►

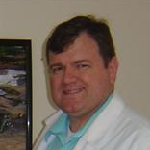 Image of Dr. David Nathaniel Arthur Ryan, D.O.
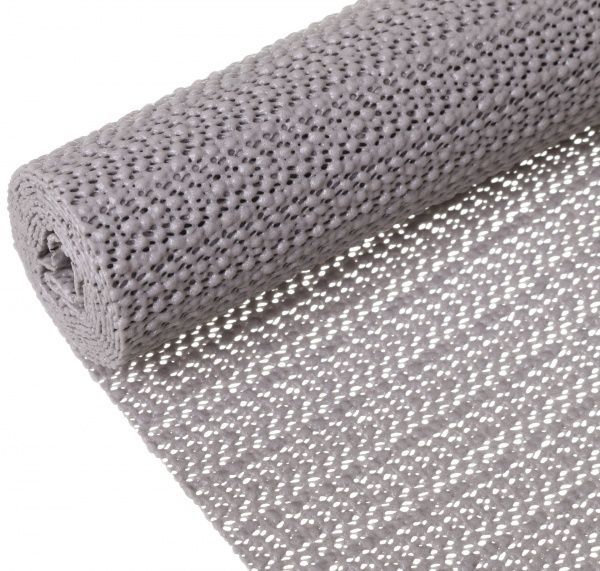 Коврик 1500х300 mm (320gsm) (PVC Mesh)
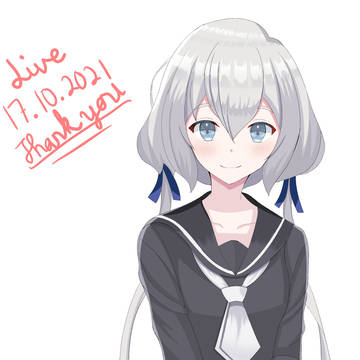 Junko Konno Thank you for Live!!
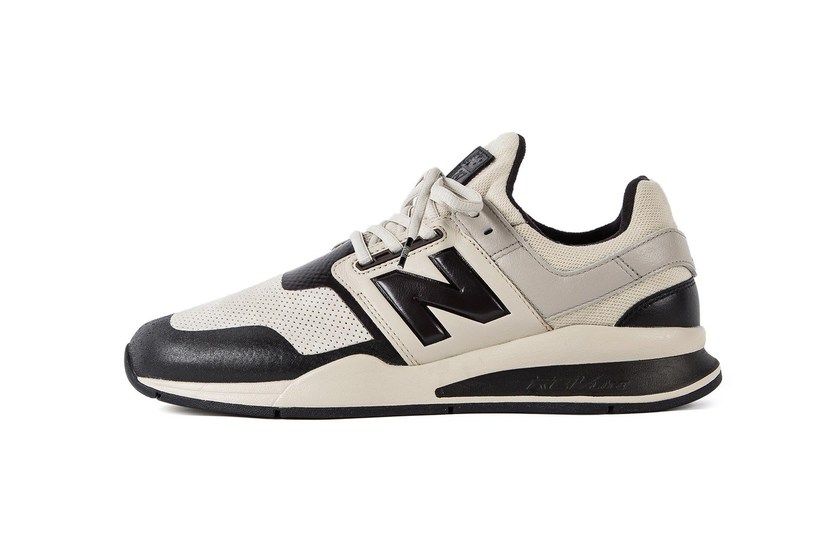 https_2F2Fjp.hypebeast.com2Ffiles2F20182F122Fnew-balance-n-hoolywood-exchange-service-ms247-2.jpg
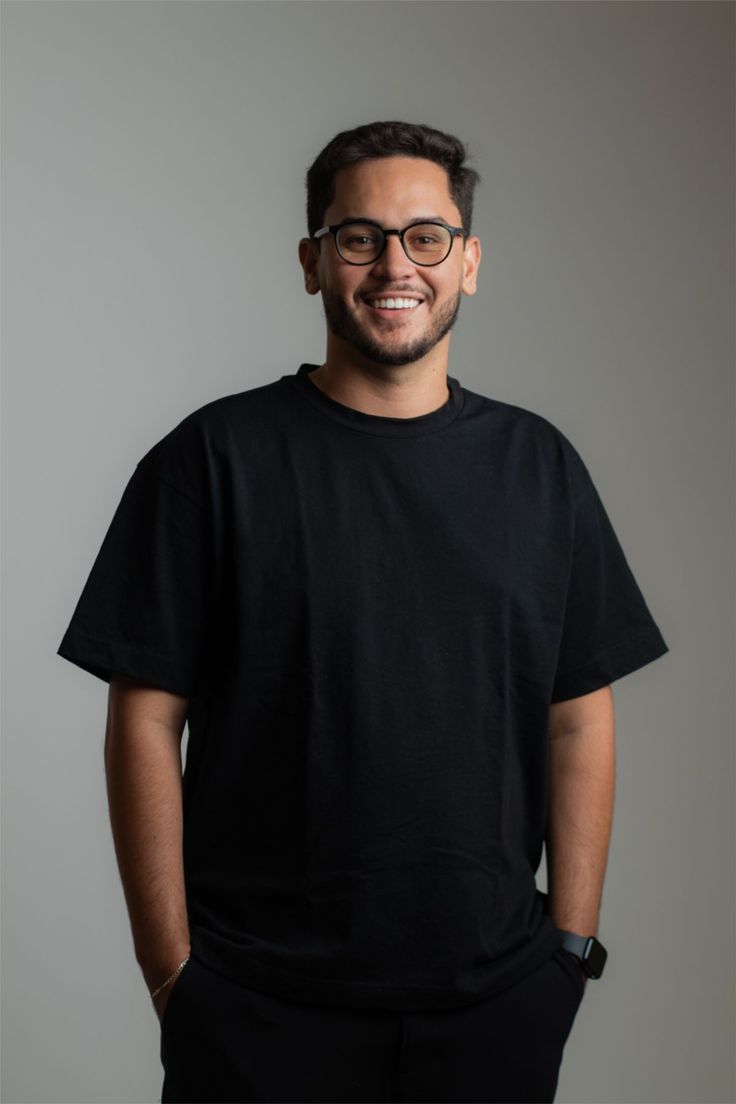 Diego Alvarez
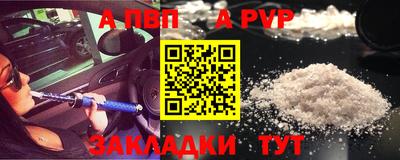 хмурый Рязань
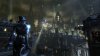 Купить игру Batman: Arkham City (Аркхем Сити) Armored Edition Русская Версия (Wii U) на Nintendo Wii U диск
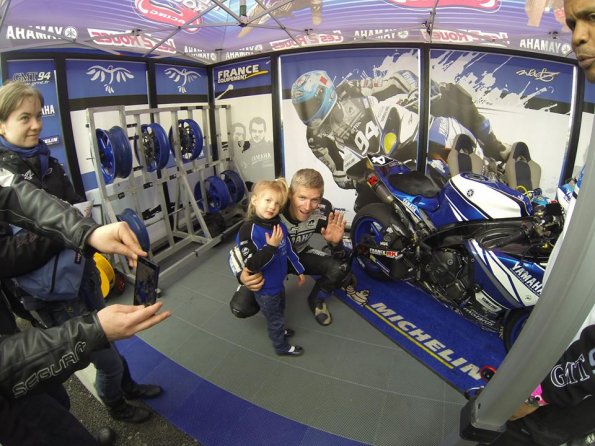 david et cassandre 23613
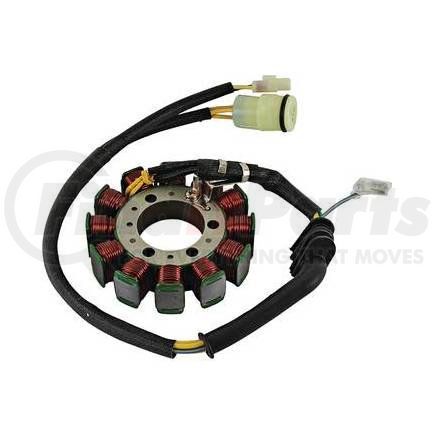 340-58030 by J&N - Stator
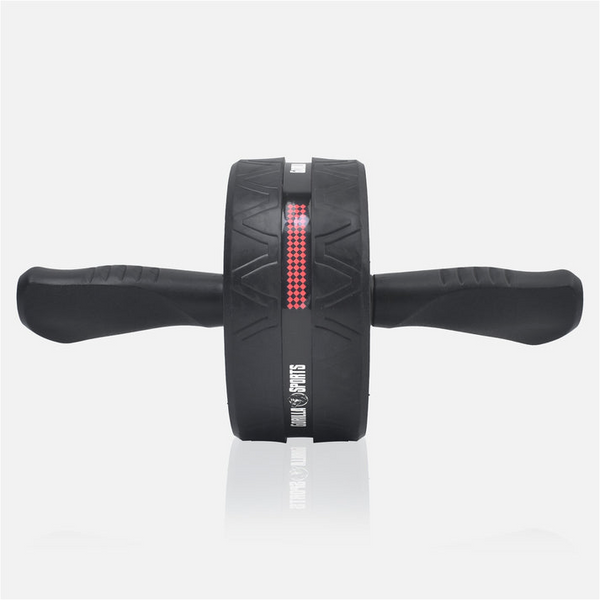 Set de 5 piese fitness, Gorilla Sports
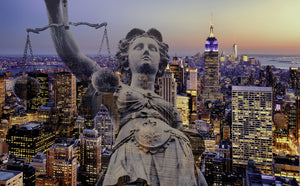      stone     statue     Wall Art     waiting room     skyline     scales of justice     Office     night time     night     modern     metal     legal balance     legal     law icons     law     justice is blind     justice     icons     colorful     city skyline     city     Canvas     bright     brige     bokeh     blind justice     big city     balance icon     balance     art     airy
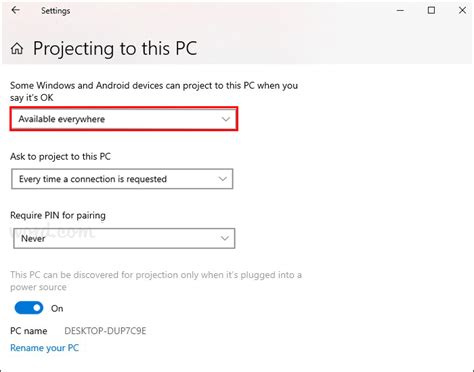 View Android Phone On PC 的图像结果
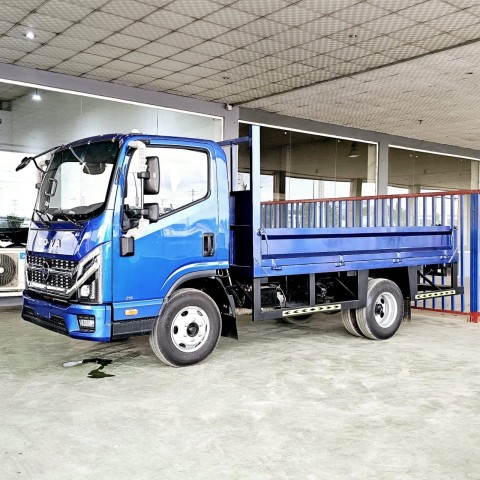 Venda Tova J14
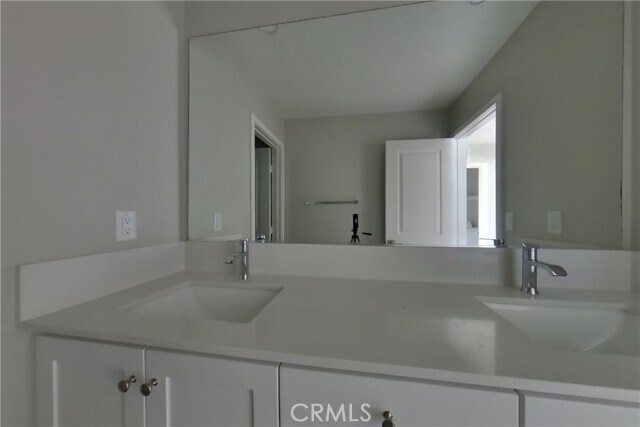 Building Photo - 28093 Cookhouse Ln
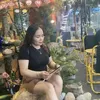 vantran12345673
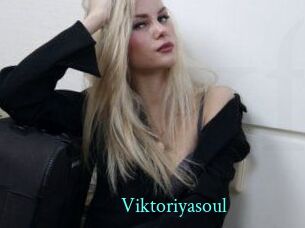 viktoriyasoul xxx Fantasy Land
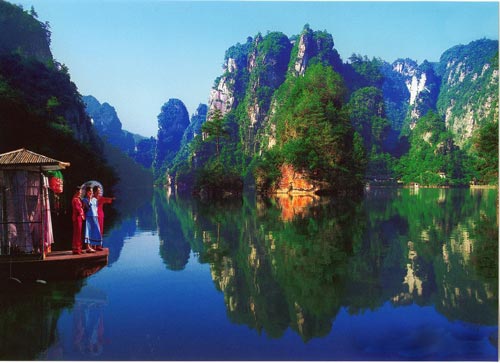 ���ҽ猚�������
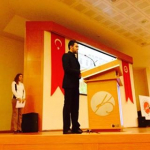 Resul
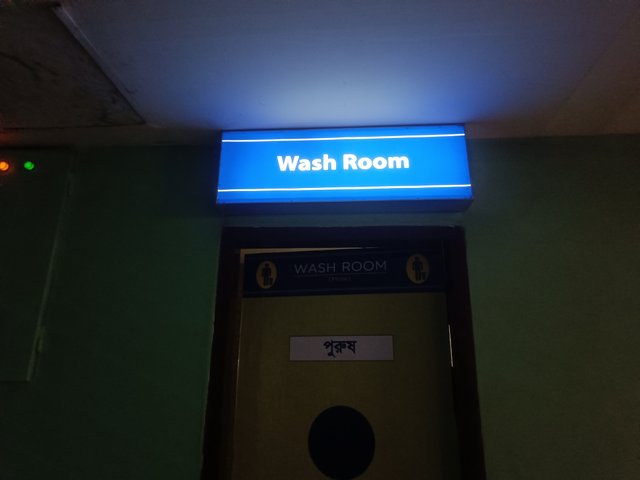 IMG20250624102853.jpg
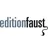 Edition Faust Verlag in der Faust-Kultur GmbH Edition Faust Verlag in der Faust-Kultur GmbH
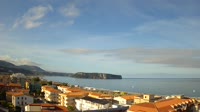 Cosenza - Praia a Mare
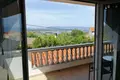Villa 10 Schlafzimmer 360 m² Mjesni odbor Poganka - Sveti Anton, Kroatien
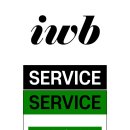 나는 소년이었다 SMP 이미지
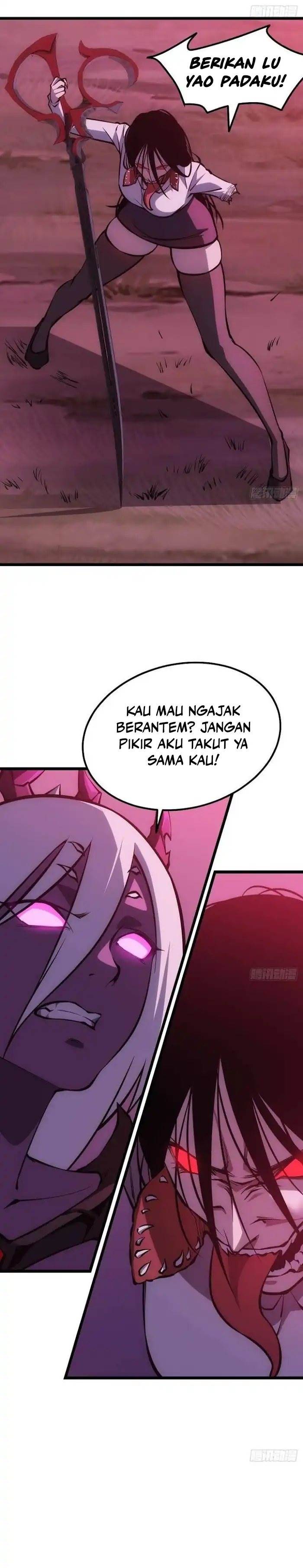 image-komik-extremely-evil-game-chapter-9-11/15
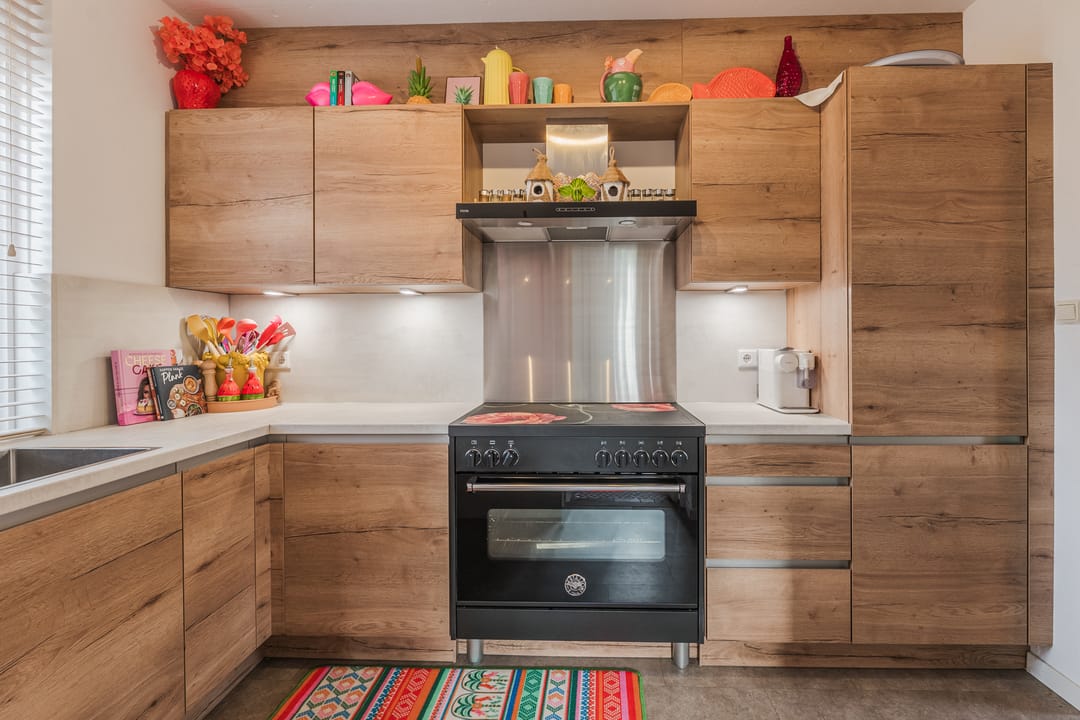 Foto 17 van Nijstukken 118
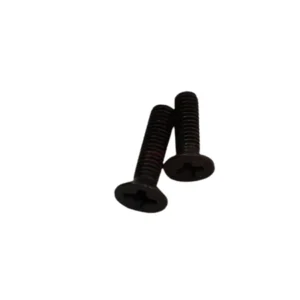U-142 Screw Spreader Pin Baut Mesin Gunting Potong Bulat Octa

◄

▶ [Exercise description] Leave out the images and write out the lines above exactly, from the one with "david et cassandre 23613" up to and including the one with "Set de 5 piese fitness, Gorilla Sports".

▶ [Answer section]
 david et cassandre 23613
 340-58030 by J&N - Stator
 Set de 5 piese fitness, Gorilla Sports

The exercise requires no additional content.